Broadcom Future Earnings and Revenue Growth
Assumptions
How have these above catalysts been quantified?- Analysts are assuming Broadcom's revenue will grow by 16.6% annually over the next 3 years.
- Analysts assume that profit margins will increase from 12.0% today to 40.1% in 3 years time.
- Analysts expect earnings to reach $32.8 billion (and earnings per share of $6.59) by about December 2027, up from $6.2 billion today. However, there is a considerable amount of disagreement amongst the analysts with the most bullish expecting $39.6 billion in earnings, and the most bearish expecting $24.8 billion.

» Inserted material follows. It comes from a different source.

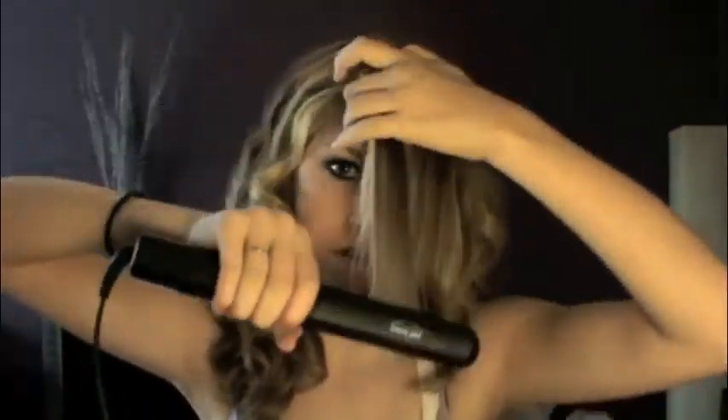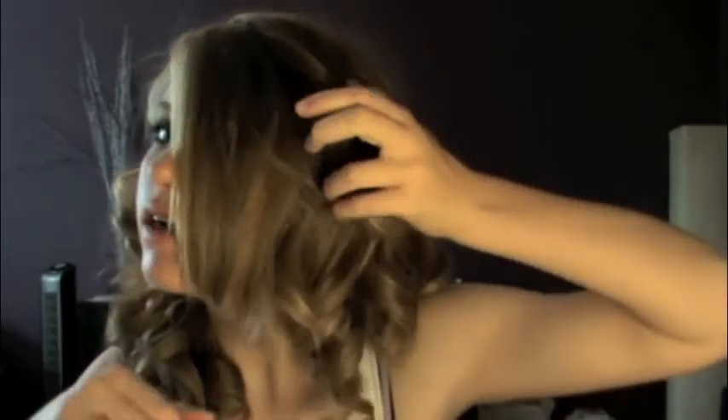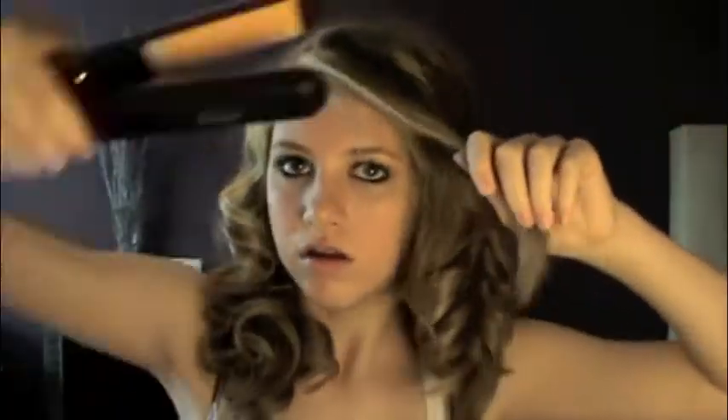Okay, so I just got done on the other side, and now for my bangs I just need to grab all of them, straighten, and then I'm going to curl the ends just so they're going away from the face. You can also pull these back if you want — you can do a poof. So you're going to take your hair and use the flat iron to curl your bangs away from your face so it gets a slight curl at the end.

- In order for the above numbers to justify the analysts price target, the company would need to trade at a PE ratio of 45.2x on those 2027 earnings, down from 182.1x today. This future PE is greater than the current PE for the US Semiconductor industry at 30.0x.
- Analysts expect the number of shares outstanding to grow by 2.03% per year for the next 3 years.
- To value all of this in today's terms, we will use a discount rate of 8.12%, as per the Simply Wall St company report.
Broadcom Future Earnings Per Share Growth
Risks
What could happen that would invalidate this narrative?- Broadcom's integration of VMware resulted in significant one-time costs, which, if mismanaged, could affect operating margins and long-term profitability.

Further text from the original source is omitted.